Next up we have Maria Irene Fornes’ Fefu and Her Friends! This is a feminist romp that explores female domestic and social issues in society, and it features themes of depression and death.
Plot: A group of women hang out and describe their experiences.
Initial thoughts: I read that this book featured a queer man or woman, so I was excited to see what it’d bring. In truth, the relationship between Paula and Cecilia doesn’t play a huge role, though the fact it exists is important. Set in 1935 and performed in 1977, Fornes is able to reflect on the status of women historically and demonstrate that educational, health, and emotional needs haven’t changed much in half a century. It’s important that this play was written and performed in 1970s USA because the play is boring unless it’s read through the feminist framework of that era. While today we might think any group of people talking about their lives is boring, this play presents women voices, which were not necessarily heard or seen in the theatre until this time – and were also written by a woman. In that sense, this is actually quite an impressive work, and I’m glad there was a such a range of struggles presented in the text, though the concerns remain privileged.
Itty Bitty Research: Despite my lukewarm feelings, there was actually plenty to look up, especially in terms of forming women’s visibility and importance! Fornes is a well-versed woman and cites Emma Sheridan Fry’s 1913 The Science of Educational Dramatics which is an apt defense of the education of women, seeing as it was written by a woman, and education through theatre, given that it’s a manual on playacting. In a very metatheatrical moment, Emma delivers a speech comprised of the prologue to this book, and the most important line, “Life is activity,” is embodied in the entirety of Fornes’ play. The result is feminist theory applied in feminist art.

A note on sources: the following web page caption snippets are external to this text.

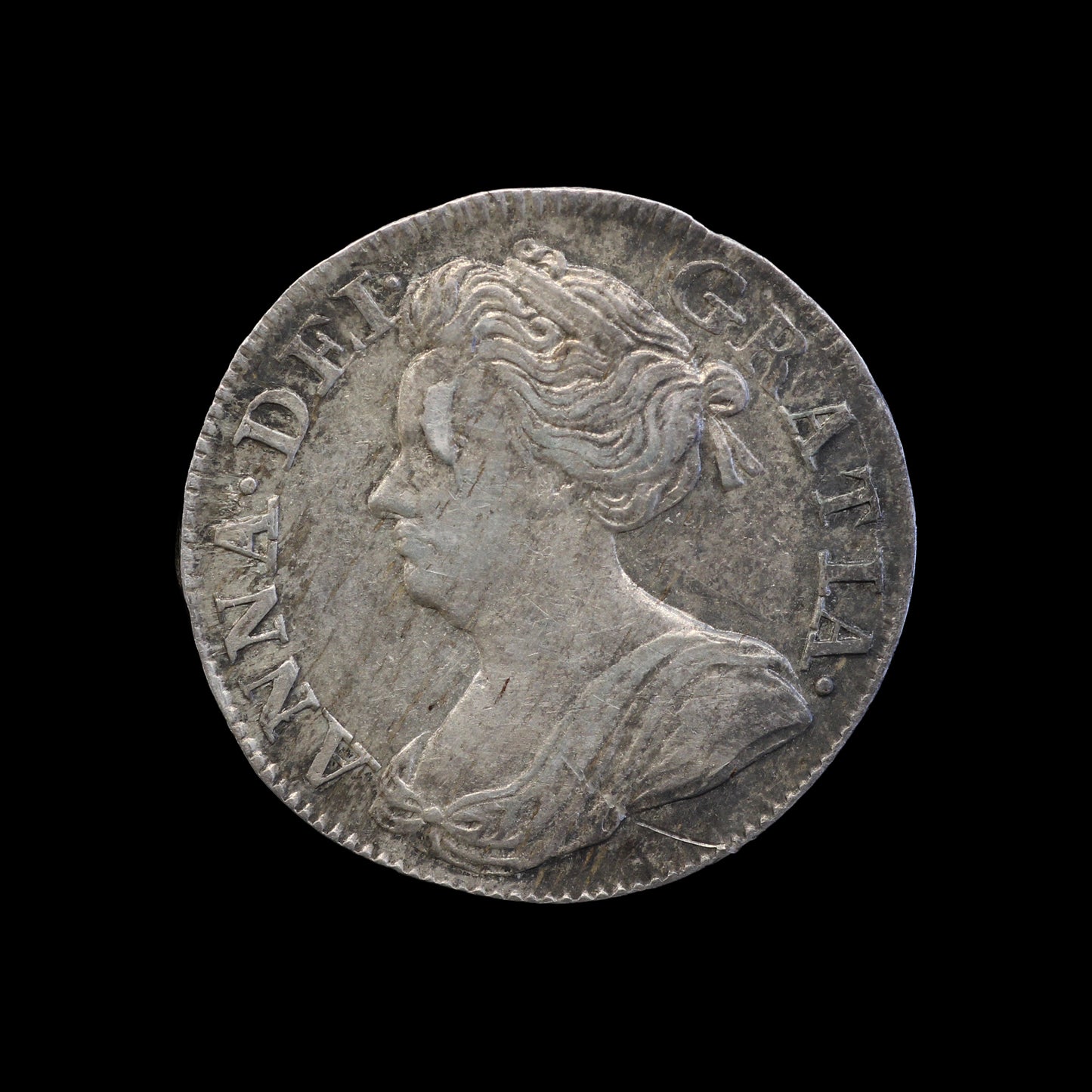 Great Britain Threepence 1708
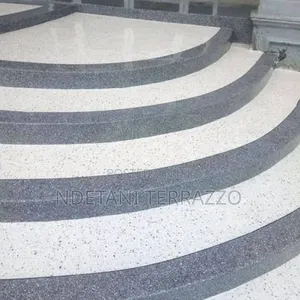 Terrazzo Beautiful Staircase Installations and Supply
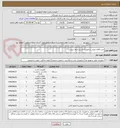 تصویر کوچک آگهی خرید اقلام صوتی و تصویری بشرح جدول پیوست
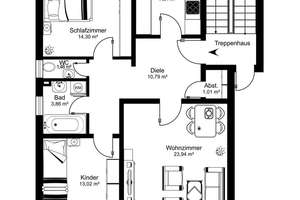 Ohne Makler: Sofort freie renovierte Wohnung mit Balkon, Domblick und Garage. 5% Rendite möglich. – Seebachmarter 6, 96103 Hallstadt – Vorschaubild 13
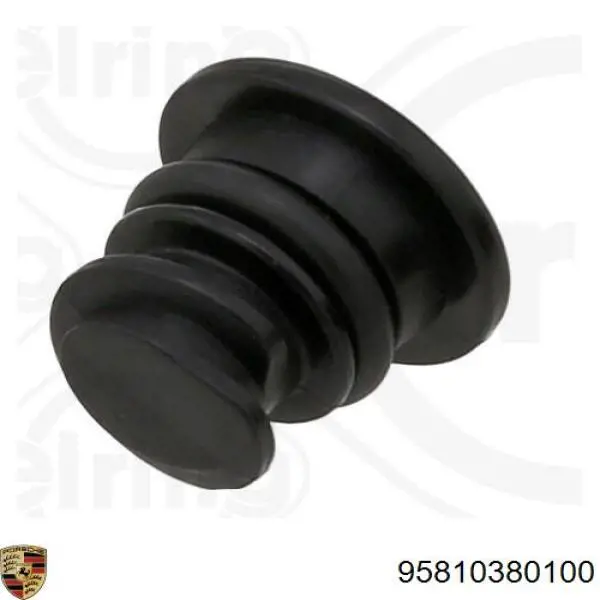 Comprar 95810380100 Porsche Tapón del cárter de aceite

I know relatively little about seizures, so I looked up “petit mal,” which Julia suffers (17). According to U.S. National Library of Medicine, petit mal is an absence seizure, which is different from tonic-clonic seizures (grand mal seizures) in that tonic-clonic seizures affect the whole body whereas absence seizures are “a staring spell.” Both may relate to epileptic seizures and absence seizures in particular can affect physical mobility, which seems an apt correlation for Julia. While it is disappointing that the first character in a wheelchair I’ve encountered in dramatic literature is painted to be crazy, these seizures signify the insufficient knowledge in women’s health. Everybody thinks something is wrong with Julia but really she just needs access to proper health care, which certainly wouldn’t be available in 1935 and was only emerging by 1977.
I think the absence of men from the play is significant, and any interaction with men happens off stage, but there are also allusions to man-created and -dominated things in the play, especially through language and structure systems. For example, we hear that many women were considered insane once they were evaluated by a doctor (and sometimes the treatments in fact drove them to insanity) because the health care system was run by men without consideration to health needs of women. The sonnet that Emma reads is known as a Shakespearean sonnet for its ababcdcdefefgg structure the Bard employed in his collection of sonnets, which shows that education and culture were created by men and regurgitated by women due to the historical oppression of women. This scene shows Emma’s desire to be educated and her private self-instruction, demonstrating women as driven and educated as men. (Shakespeare also appears in the song of “Who is Sylvia,” which comes from his play Two Gentlemen of Verona.) These cultures have objectified women, such as the references to Goya’s Maja and Ruben’s women, juxtaposed as superior in male intellectual theory to the groundbreaking feminist work of Isadora Duncan. In the play, the women take issue to this regaling of male artists of the objectification of Goya and Ruben and because the natural “entrail” of Duncan’s dance is more realistic than the starving and priming of ballerina bodies.
References: Fornes, Maria Irene. Fefu and Her Friends. New York: PAJ Publications, 1978. Print.